And while there’s still a chill in the Hanover night air, I no longer gravitate towards warming comfort food . The fresh flavors of spring and especially summer lend themselves well to no-fuss preparations. Tonight I enjoyed one of the simplest pleasures I can think of: a simple yet satisfying seasonal dinner with two hungry friends and a bottle of white wine (that’s the other thing about light food. It means you can say yes to that third class of chardonnay). On the menu? Quinoa, that grain that is, in fact, “so hot right now”—and for a good reason. Quinoa is a blank canvas to make the colors of spring’s palette POP. I looked for ingredients that would capture the whites and pinks of spring blossoms and the green mountains of New Hampshire (these greens were my inspiration ). With peony-hued French breakfast radishes, tiny white spheres of fresh Vermont goat cheese, fava beans (or frozen edamame, courtesy of Dartmouth Dining Services) and a chiffonade of basil for good measure, I had found my spring palette.

To amp up the green factor, I served an avocado kale salad on the side. Cliché, some might say, but not when massaged (literally, you can get your hands dirty) with avocado dressing and been bedazzled with golden raisins and oven-roasted & salted sunflower seeds.

I got a little too excited about the ripeness of the avocadoes at the local Co-Op…which meant I had enough leftover dressing to create a dip for these raincoast crisps (If weren’t as lazy…or easily seduced by the jewel tones of the crisps, I might have tried these almond herb crackers)

Brooke Elmlinger is a student at Dartmouth College who strongly believes that food is the way to any girl’s heart. She would like to say her love of avocado, edamame and kale have something to do with Dartmouth being the Big Green…but in reality, she just loves the taste, and that they make her feel less guilty about chardonnay.

**Recipes**

Spring Quinoa with Favas, Goat Cheese, and Radishes
Serves 4-6

Ingredients
1.5 cups white quinoa (red would do fine, but won’t let the other colors “pop” in the same way)
1 cup of shelled fava beans or edamame(frozen and thawed, if the latter)
A bunch of radishes (French breakfast radishes have a more cylindrical shapes)
4-6 oz. fresh goat cheese
3 basil leaves
2 tablespoons olive oil

Rinse quinoa several times under tap water. Bring 3 cups of water in a large sauce pan over the stove top; add the quinoa, and cover for about 15 minutes or until all water evaporates. (Be sure to keep an eye on the quinoa, as burner temperatures will vary! Burned quinoa has no hope of reincarnation). Set quinoa aside to cool.
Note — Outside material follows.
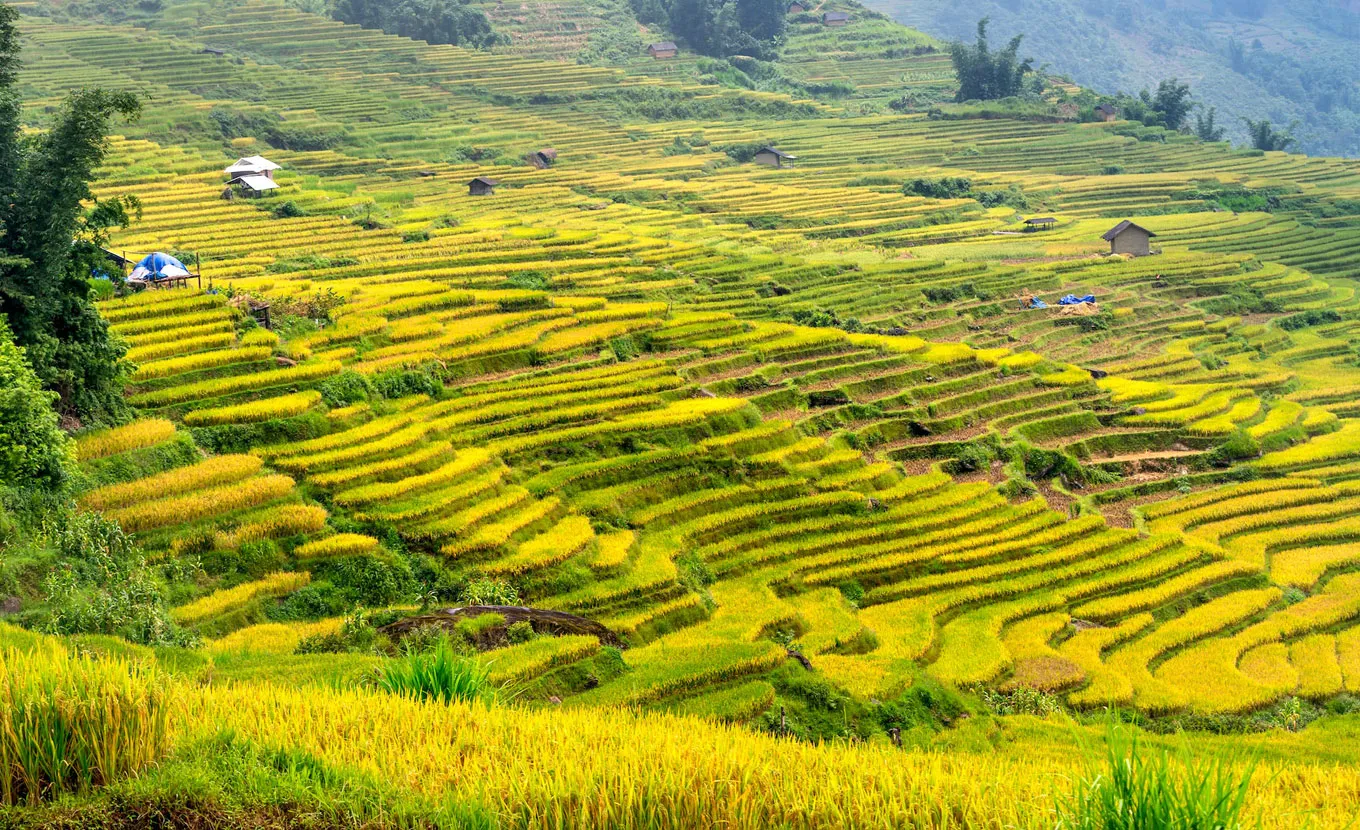 Hoang Su Phi terraced fields Ha Giang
While cooking, if you are using fava beans remove the beans from their pods and boil for 2-3 minutes on the stovetop. Rinse under cold water to cool them, so that you can remove the beans from their skins. Rinse, scrub, and pat dry the radishes, and then slice them into disks roughly ½ centimeter in diameter.
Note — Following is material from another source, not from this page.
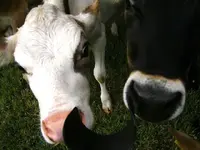 cows 001.webp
Crumble goat cheese into small balls either by hand or with the aid of a half-teaspoon measure for added aesthetic value.

Chiffonade the basil: Stack the three leaves and roll tightly into a log. Cut this basil log into thin strips to produce fine green ribbons.
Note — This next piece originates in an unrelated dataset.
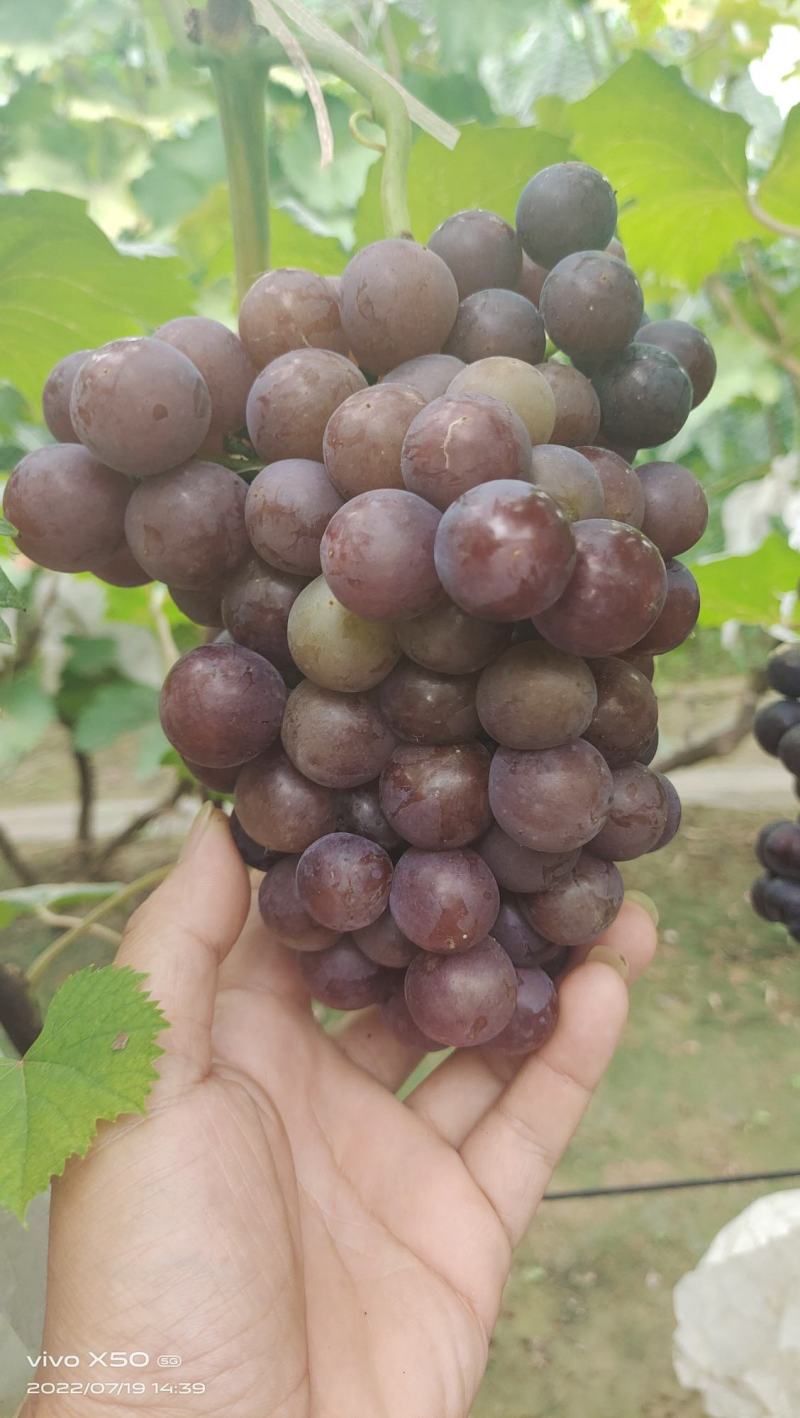 夏黑葡萄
Toss cooled quinoa with olive oil, fava/edamame, radish slides, and goat cheese and finish it off with a chiffonade of basil. Season with salt and pepper, and serve some salt on the side for good measure.

Massaged Kale Avocado Salad
Serves 2
Note: Any extra dressing can reinvent itself as a dip, so make sure to have some crisps on hand! With even more leftovers, test out some of these avocado concoctions

Ingredients
2 bunches of lacitano kale
2 avocados (must be RIPE)
1 lemon
2 tablespoons olive oil
2 tsp. salt
¾ cup golden raisins
½ cup sunflower seeds (roasted and salted works best)

After washing and patting the kale dry, stem it and cut it into strips about 2 cm wide. Set aside in a large bowl.

Remove flesh from avocado and mash to a smooth consistency with the back of a fork or your clean hands, and place into a small bowl. Add the salt, olive oil and juice of one lemon and whisk with a fork to combine. Toss kale with dressing, making sure that each leaf gets an even coating, and then add raisins and sunflower seeds on top.